Design systems specialist enabling teams to ship consistent high-impact products at scale.

April 2026

Rebuilding my website with AI as a collaborator

Not just a rebuild, but a shift in how I work—moving from doing everything manually to collaborating with AI to shape, refine, and ship faster.

For a long time, my website wasn’t really mine. Since years, my website has been running on WordPress with Semplice on top when it arrived on the market. It wasn’t perfect, but it got me started—online, visible, and constantly iterating on my portfolio and personal brand.

But the more I grew into design systems, into thinking about structure, scalability, and intent, the more that setup started to feel off. I was designing systems for a living—yet my own website was held together by themes, plugins, and decisions I didn’t fully control. At some point, that gap became too obvious to ignore.

So I decided to rebuild it from scratch.

I moved everything to a setup built around GitHub and Vercel, and for the first time, it actually feels like I own the thing. Not just visually—but structurally.

Yet in my professional environment, I’m used to working within design systems, staging environments, and structured coding workflows—Being able to do it for my own is a game changer when there’s no hidden layer.

It’s quieter, cleaner and more honest. I now own my design system end to end, with the flexibility to create, extend, and restructure content seamlessly through my headless CMS.

What surprised me the most though wasn’t just the tech shift—it was how I built it. This time, I didn’t do it alone. I started working in a more agentic way, using ChatGPT almost like a collaborator. Not to replace the work, but to accelerate the parts that usually slow you down. I decided against using Claude—ChatGPT and Codex simply align more naturally with the way I already work.

Instead of staring at a blank file, I could shape components through prompts. Instead of getting stuck in setup, I could move straight into refinement. Instead of separating design and code, I could blur the line between the two.

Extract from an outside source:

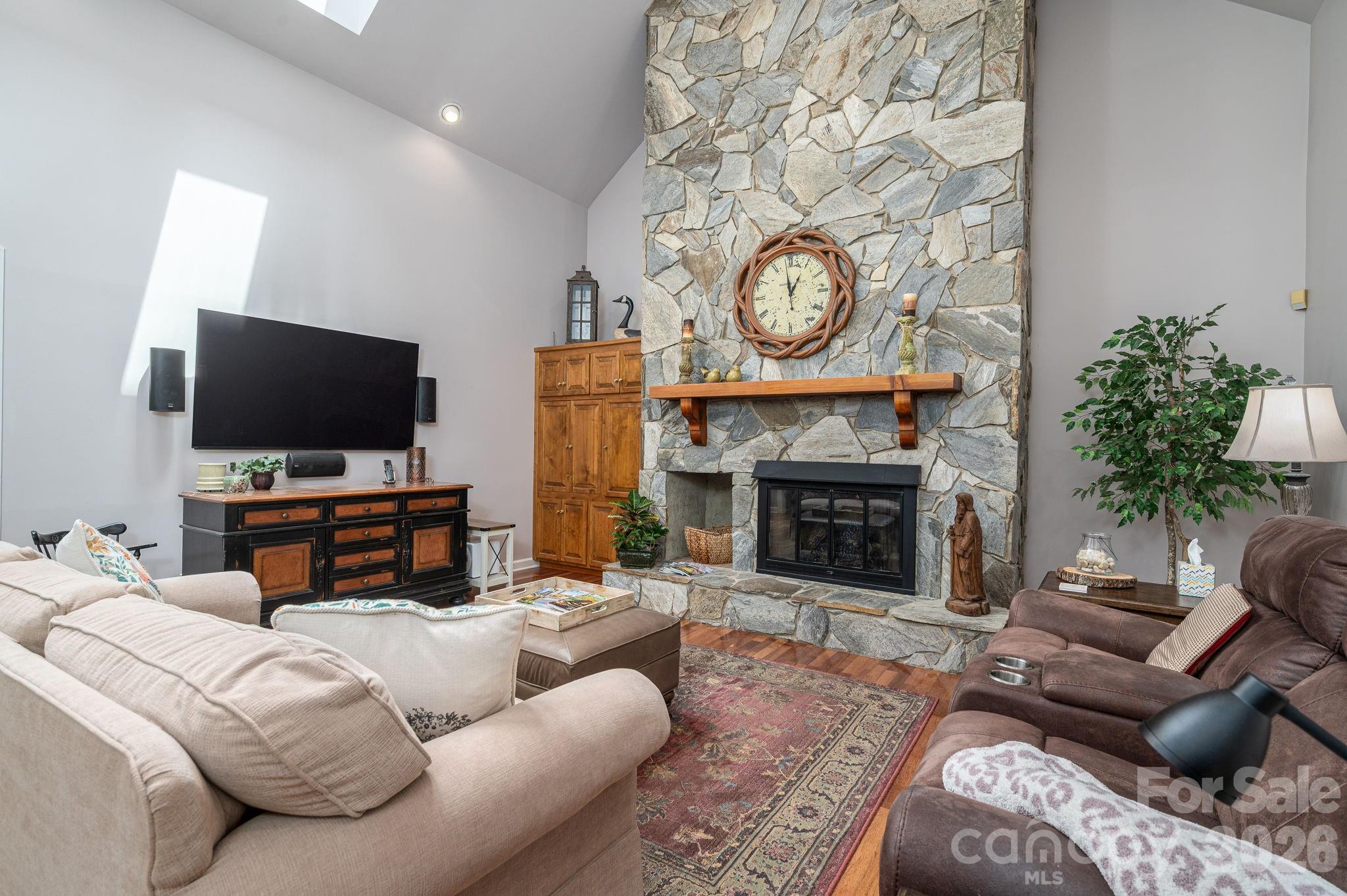 5023 Samuel Pinckney Drive — Belmont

It changed the rhythm completely. Less friction. More flow. Fewer deviations. More time spent on decisions that actually matter.

I think that’s what this rebuild is really about. Not just moving away from WordPress. Not just “going custom.” It’s about alignment. The way I work, the way I think about systems, the way I design for others—it’s now reflected in my own space.

  • Everything is intentional.
  • Everything can evolve.
  • Nothing is locked.

It’s still early. There’s a lot I want to refine, push further, experiment with but for the first time in a while, the website doesn’t feel like something I maintain. It feels like something I build on.